## Problem to solve:
Print every entry word for word, but omit the pictures.

--- START ---

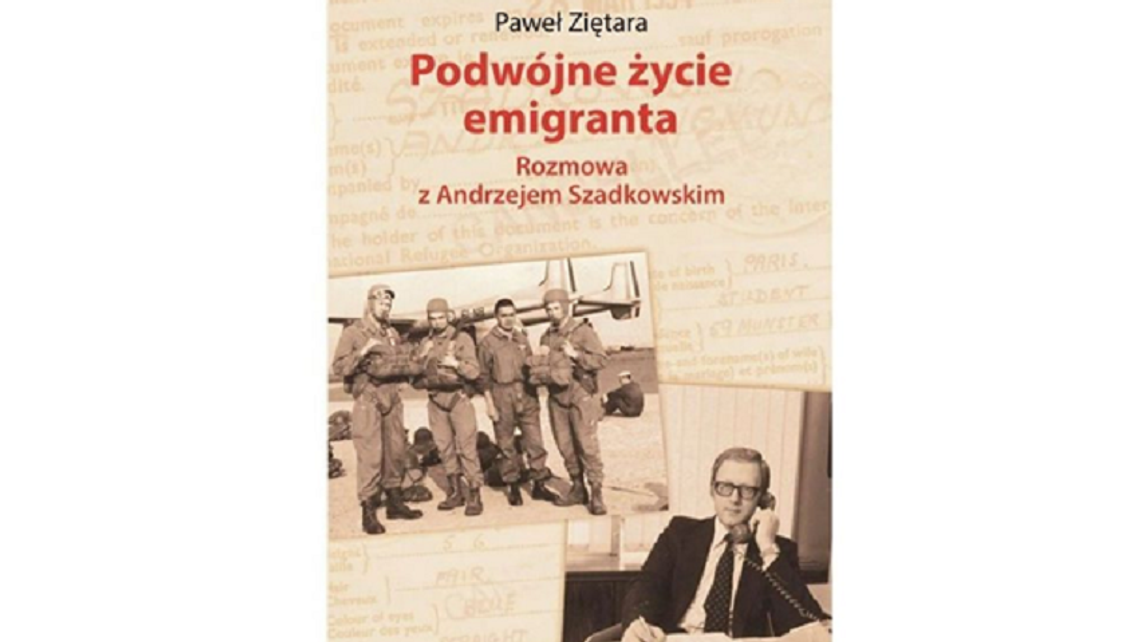 Spotkanie wokół książki Pawła Ziętary w DK LSM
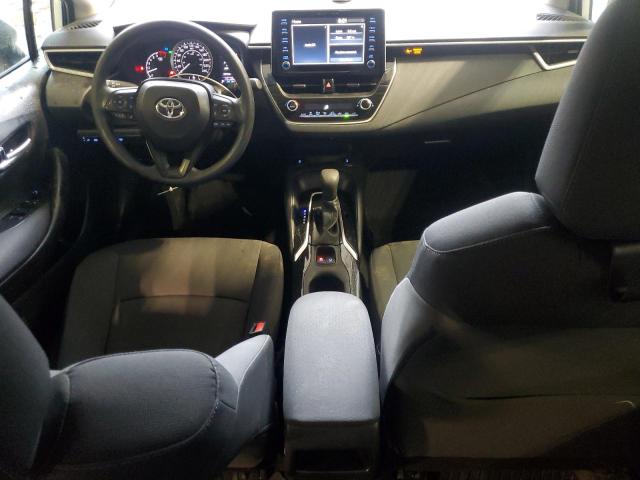 Photo 8 from auction – 2020 TOYOTA COROLLA LE with VIN 5YFBPRBE1LP049882
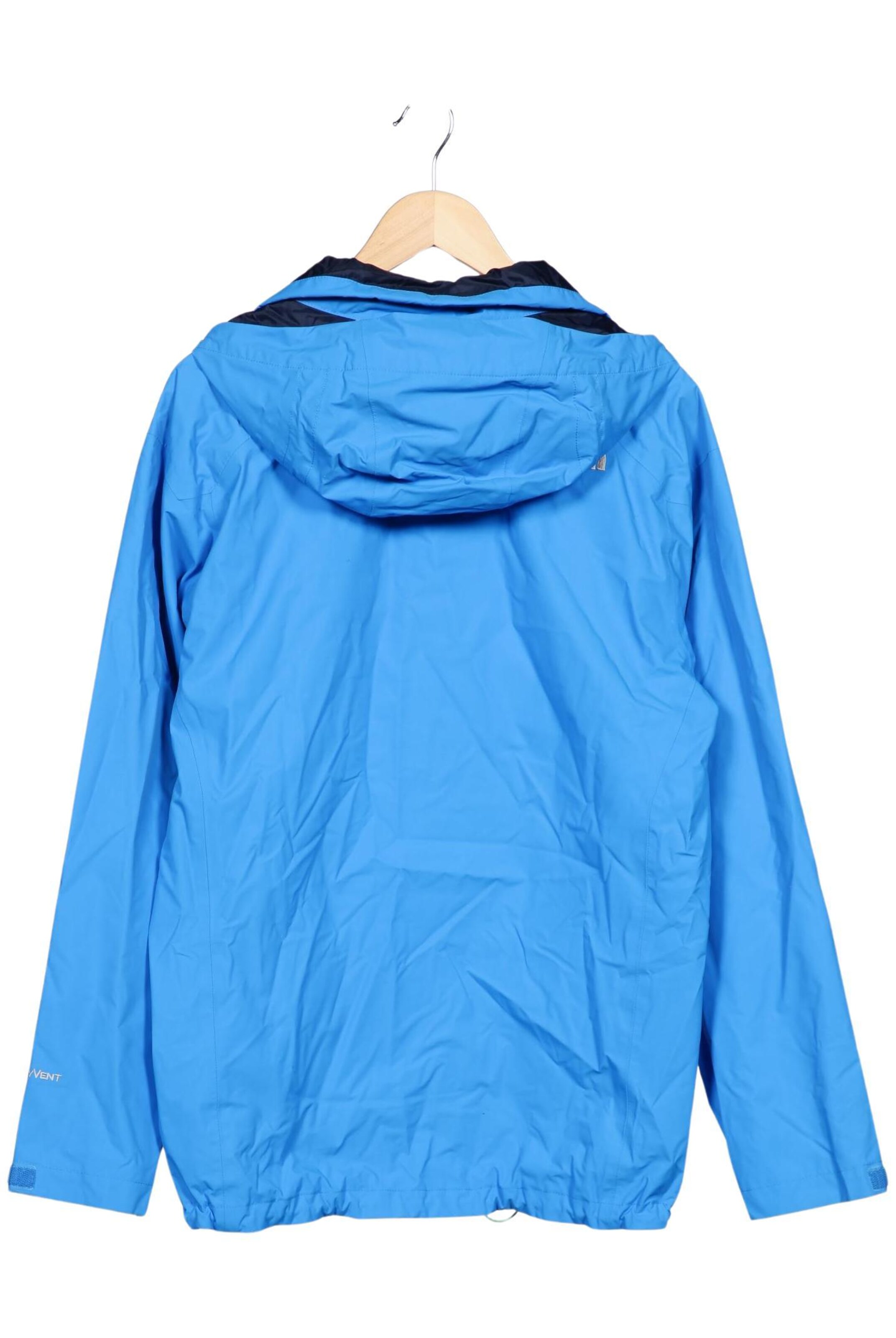 THE NORTH FACE Jacke 7XL in Blau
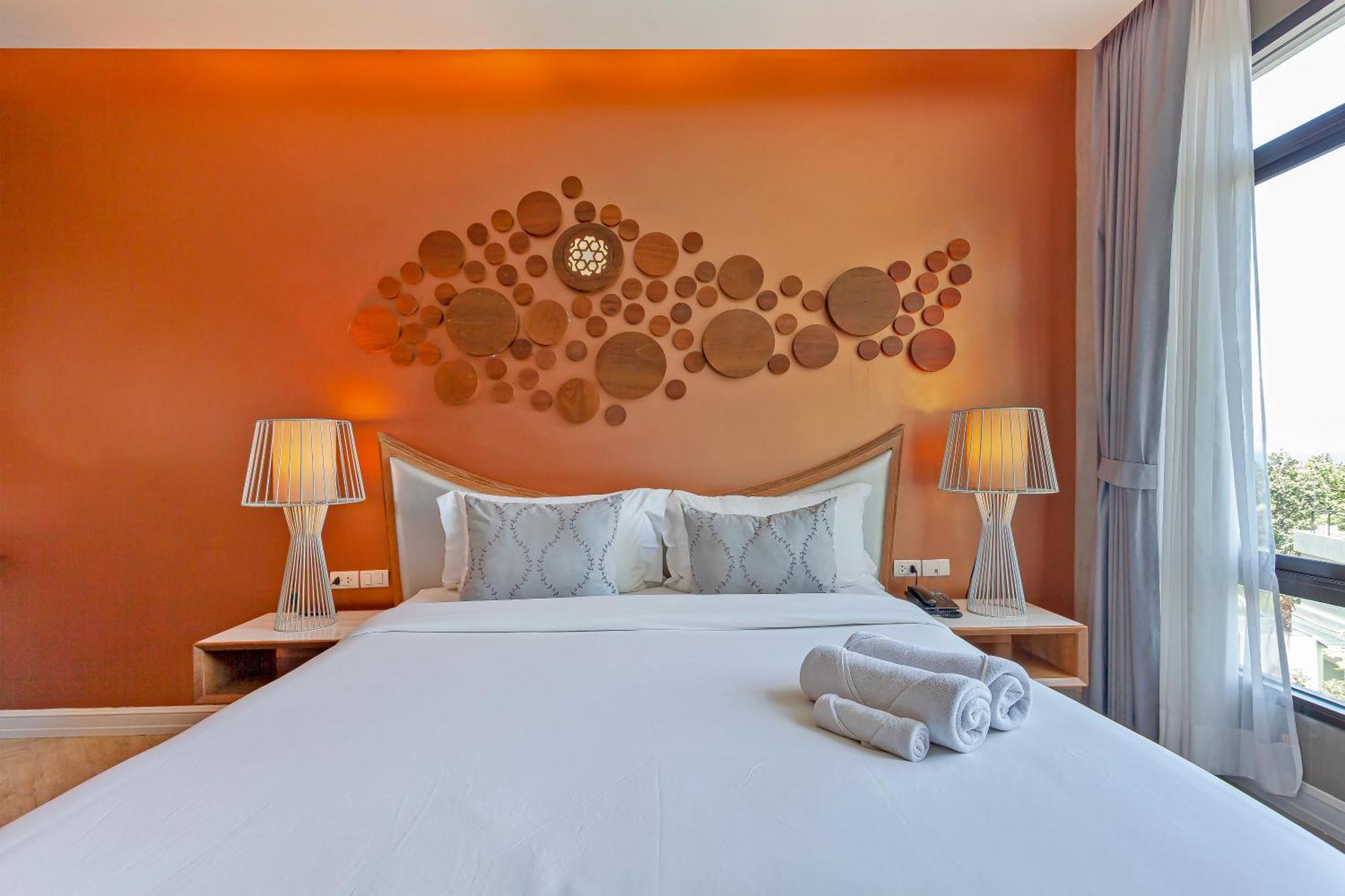 Resor The Tarna Resort, 4*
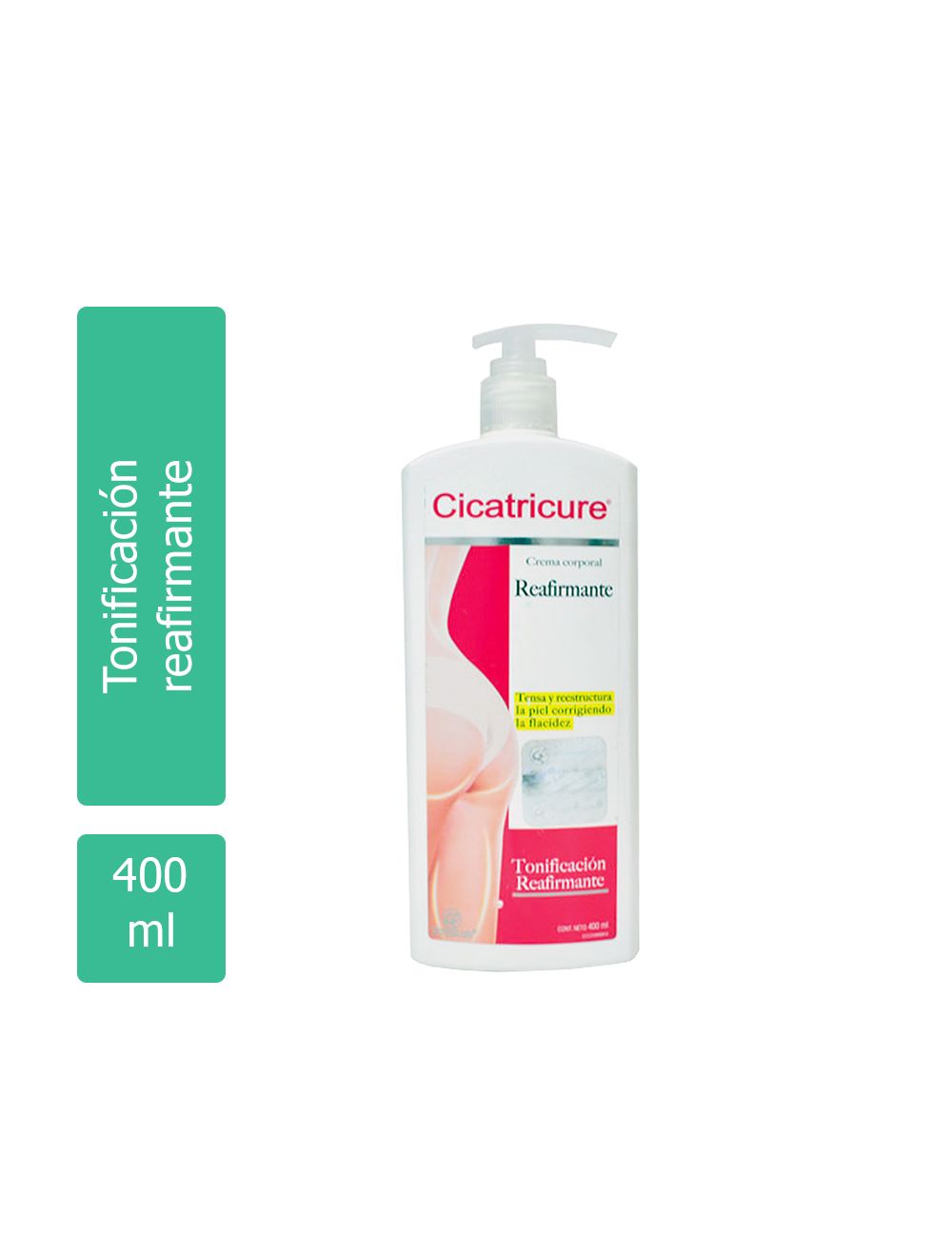 CRA CICATRI RECONS EPIDRE 400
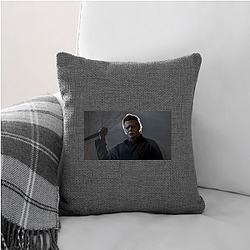 Michael Myers My Favorite Horror Character The Return Of Michael Pillows Cover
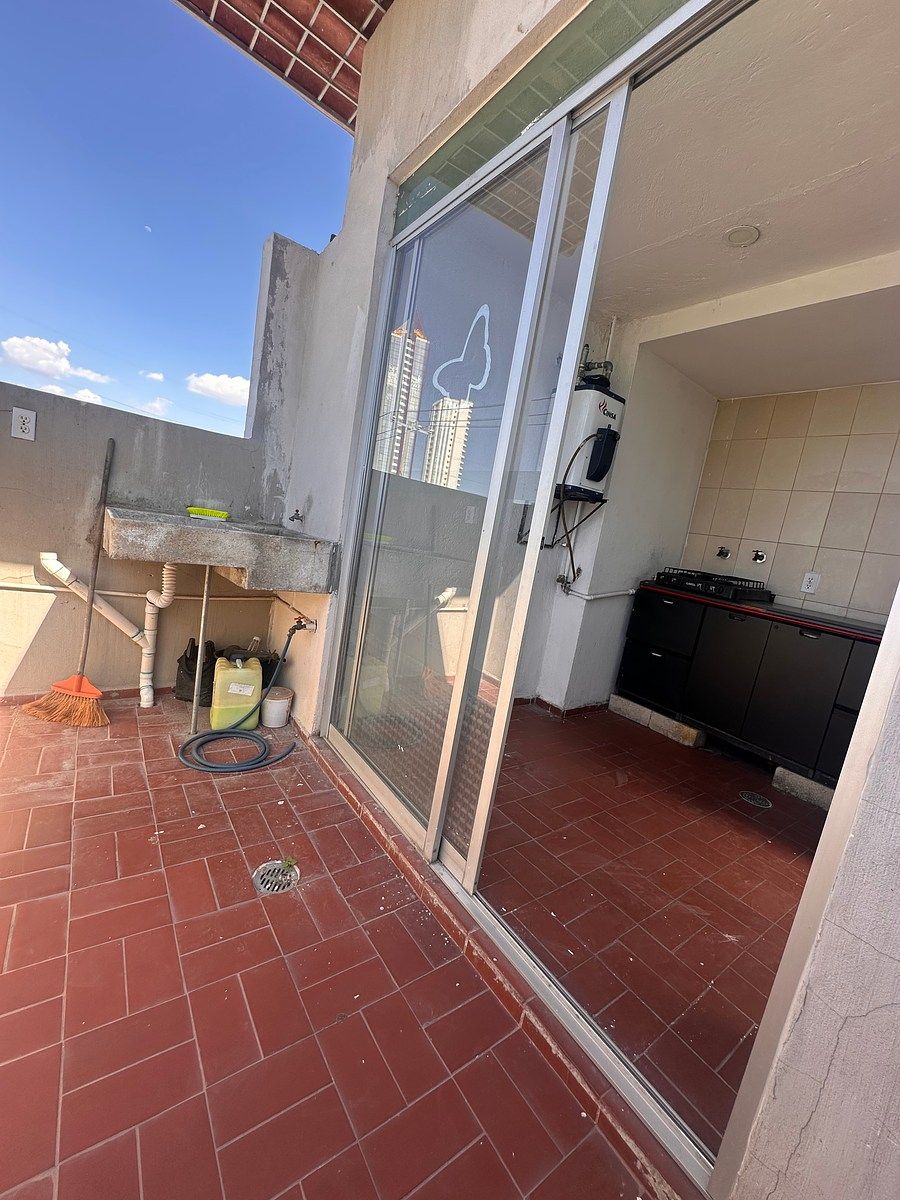 Building in Prados Vallarta, Zapopan, photo 17 of 22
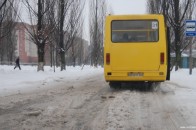 Луцькі комунальники запевняють, що взимку місто не потоне у заметах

--- END ---

## Answer for this exercise:
 Spotkanie wokół książki Pawła Ziętary w DK LSM
 Photo 8 from auction – 2020 TOYOTA COROLLA LE with VIN 5YFBPRBE1LP049882
 THE NORTH FACE Jacke 7XL in Blau
 Resor The Tarna Resort, 4*
 CRA CICATRI RECONS EPIDRE 400
 Michael Myers My Favorite Horror Character The Return Of Michael Pillows Cover
 Building in Prados Vallarta, Zapopan, photo 17 of 22
 Луцькі комунальники запевняють, що взимку місто не потоне у заметах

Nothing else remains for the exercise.